Le président déchu du Mali Amadou Touré et le président algérien Abdelaziz Boutéflika, octobre 2011.
Le président déchu du Mali Amadou Touré et le président algérien Abdelaziz Boutéflika, octobre 2011.

L’attitude plus qu’ambiguë de l’Algérie face à l’occupation du Nord-Mali par les groupes terroristes d’Al Qaïda au Maghreb islamique met-elle Abdelaziz Bouteflika, depuis six mois que dure la crise dans la région, face à ses propres échecs et notamment la politique de la concorde civile au moment même de sa promotion en amnistie générale à la faveur de la mascarade des réformes, des élections législatives, de la révision de la constitution et des présidentielles de 2014...

La "Charte pour la paix et la réconciliation nationale" en faveur des maquis terroristes de l’ex-GSPC et aujourd’hui d’Al Qaïda au Maghreb islamique constitue l’épine dorsale de ses trois mandats successifs. Depuis 2005, date de l’affiliation du GSPC à Al Qaïda au Maghreb islamique, qui coïncide avec son troisième mandat, la lutte antiterroriste s’est essoufflée au point où, justement, elle a permis aux maquis du GSPC de Hassan Hattab de sortir de ses territoires locaux pour rejoindre l’organisation terroriste internationale d’Al Qaïda et de faire du GSPC sa branche maghrébine. Dans le même temps, le troisième mandat d’Abdelaziz Bouteflika, s’appuyant sur la concorde civile à des fins électoralistes, a dégarni les forces antiterroristes. Il a désarmé les Patriotes et les gardes-communaux et les Rappelés du service national durant les années de la décennie noire, de la période allant de 1995 à 1999 ont été purement et simplement remerciés et abandonnés à leur sort.
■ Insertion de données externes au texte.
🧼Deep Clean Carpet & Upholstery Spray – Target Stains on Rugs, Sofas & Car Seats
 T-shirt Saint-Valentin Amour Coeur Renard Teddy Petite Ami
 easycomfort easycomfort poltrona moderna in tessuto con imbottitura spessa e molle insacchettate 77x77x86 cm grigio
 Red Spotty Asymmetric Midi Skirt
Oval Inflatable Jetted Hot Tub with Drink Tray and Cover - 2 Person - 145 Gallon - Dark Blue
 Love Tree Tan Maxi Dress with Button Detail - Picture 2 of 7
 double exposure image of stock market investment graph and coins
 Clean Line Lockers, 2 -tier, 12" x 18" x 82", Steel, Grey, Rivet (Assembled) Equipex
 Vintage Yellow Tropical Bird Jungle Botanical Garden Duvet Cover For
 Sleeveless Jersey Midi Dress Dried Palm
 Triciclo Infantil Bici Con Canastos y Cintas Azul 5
Isolée ainsi de ces forces paramilitaires qui, pourtant, ont une connaissance privilégiée du terrain et des multiples réseaux de soutien au terrorisme par différents liens, l’ANP n’a cessé de subir de graves pertes en vies humaines au point où ses actions sont celles de la défensive, des ripostes à des attentats visant de plus en plus les sièges de forces de sécurité en zones urbaines notamment. Les "émirs" de l’ex-GSPC sont passés entre les grosses mailles de la concorde civile pour pouvoir, avec une facilité déconcertante, passer les frontières au nez et à la barbe des autorités (ou avec leur complicité, celle des narcotrafiquants) et se retrouver à la tête des immenses territoires du Sahel, sans pour autant abandonner ses maquis "natals" au nord et au sud du pays avec de nouvelles méthodes de terreur, les attentats- suicides. La connexion entre les "émirs" algériens de l’ex-GSPC et les milieux de la contrebande du sud algérien, détenant le marché de la cigarette Marlboro et de la drogue, duquel des cercles maffieux du pouvoir tirent pactoles et influences sur les "élus" et dignitaires locaux va permettre à l’organisation terroriste d’alimenter ses maquis de l’intérieur par les mêmes canaux de la contrebande et du blanchiment de l’argent des rackets et des rançons par des intermédiaires agissant dans l’immunité totale à l’ombre de la concorde civile et à travers les nombreuses opportunités offertes également aux pseudo-repentis dont plusieurs servent de relais intouchables avec les maquis terroristes du "front intérieur".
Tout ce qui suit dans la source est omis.